電波をみんなが好き勝手に使うと「干渉」してしまい、快適に使うことができません。そこで総務省がルールを設け、使用する電波を割り振りし、その基準に適合した機器しか使えないようにしています。 また、携帯電話会社も、総務省から割り振りされた電波を使い、スマートフォンが使えるように「エリア」を構築しています。限られた電波を効率よく使うべく、携帯電話会社は最新の技術を投入し、通信用の電波を進化させてきました。
通信方式 | W-CDMA | LTE ※カッコ内はエリア | |
---|---|---|---|
700MHz帯 | ― | バンド28 | |
800MHz帯 | バンド6/19 | バンド19 | |
1.5GHz帯 | ― | バンド21 | |
1.7GHz帯 | ― | バンド3(東京・名古屋・大阪のみ) | |
2.0GHz帯 | バンド1 | バンド1 |
700MHz/800MHz帯は電波が回り込みやすいため、広いエリアをカバーできます。
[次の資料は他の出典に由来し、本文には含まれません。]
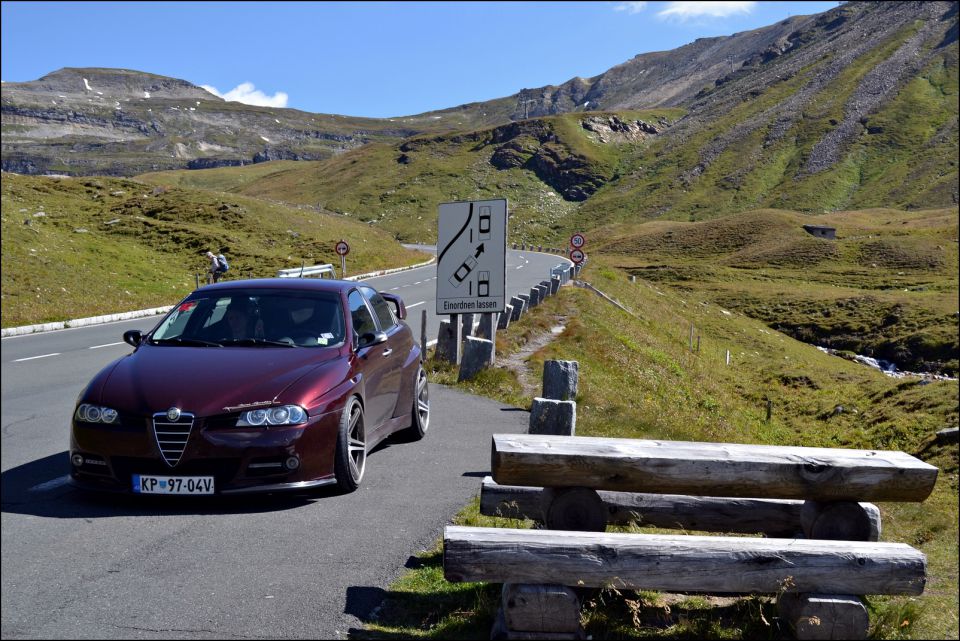 Grossglockner 2014 - foto povečava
対する2.0GHz帯などは電波の直進性が高く、通信速度が安定するなどのメリットがあります。
地方ののどかなエリアなどでは、700MHz/800MHz帯などの低い周波数帯でエリアを構築し、人が集まる都市部では2.0GHz/1.7GHz帯の基地局をこまめに設置するなど、快適に使えるように使い分けてくれています。
■少しややこしいのは、周波数帯とバンドの関係性
たとえばドコモの1.5GHz帯はLTE「バンド21」ですが、auの1.5GHz帯のLTEは「バンド11」です。同じ周波数帯でも、バンドが異なると使うことができないため、スマートフォンを買う時はバンドをチェックすることをおすすめします。
また、ドコモのバンド3は東京・名古屋・大阪のみ使えるエリア限定のバンドです。同じバンド3でもソフトバンクは全国のエリアで使えます。これは総務省が電波を割り振りする段階で決まっているものです。また、ドコモから電波を借りてサービスを行なっているMVNO各社も、ドコモと同じ周波数/バンドを使っています。LTEのバンドは世界のスマートフォンメーカーの共通のルールのようなものです。
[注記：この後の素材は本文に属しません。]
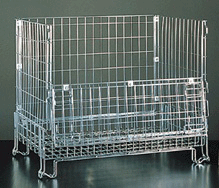 Palettencontainer Mini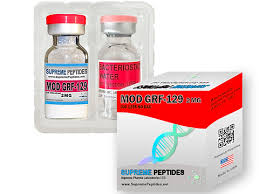 PEPTIDO CJC-1295 No DAC (MODGRF 1-29) 2mg | PEPTIDOS SUPREME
世界的に見ると「バンド1」「バンド3」は多くの携帯電話会社が使っているため、海外のSIMフリースマートフォンも対応している機種が多いのが特徴。反対に、「バンド19」「バンド21」はドコモくらいしか使っていないため、海外のスマートフォンのほとんどが非対応です。
そのため、海外のスマートフォンを使う場合は「バンド19」「バンド21」に対応しているかどうかを確認したほうがいいでしょう。たとえば、私が使用しているiPhone 7 PlusはドコモのLTE周波数を全てカバーしています。そのため、自宅でも電波は良好です。
一方、SIMフリースマートフォンBlackBerry Privは「バンド21」に対応していないため、自宅での電波のつかみが非常に悪くなっています。
バンド3は東京・名古屋・大阪でしか利用できないため、地方在住者が「バンド19」「バンド21」非対応のスマホを購入した場合、「バンド1」「バンド28」しか使うことができません。バンド28は比較的新しい電波のため、対応エリアは広くないと推測されています。そうなると実質「バンド1」での戦いとなります。
前述したように、地方では「バンド19」などが使われていることが多いため、そのエリアに入ると「3Gに落ちる」「圏外になる」など、快適に使えなくシーンが多くなります。
SIMフリースマートフォンを購入する場合は、一度対応している「バンド」を確認し、自分の地域との相性をたしかめてください。さもなければ、筆者のように自宅での電波状況が悪いまま使うことになってしまいます。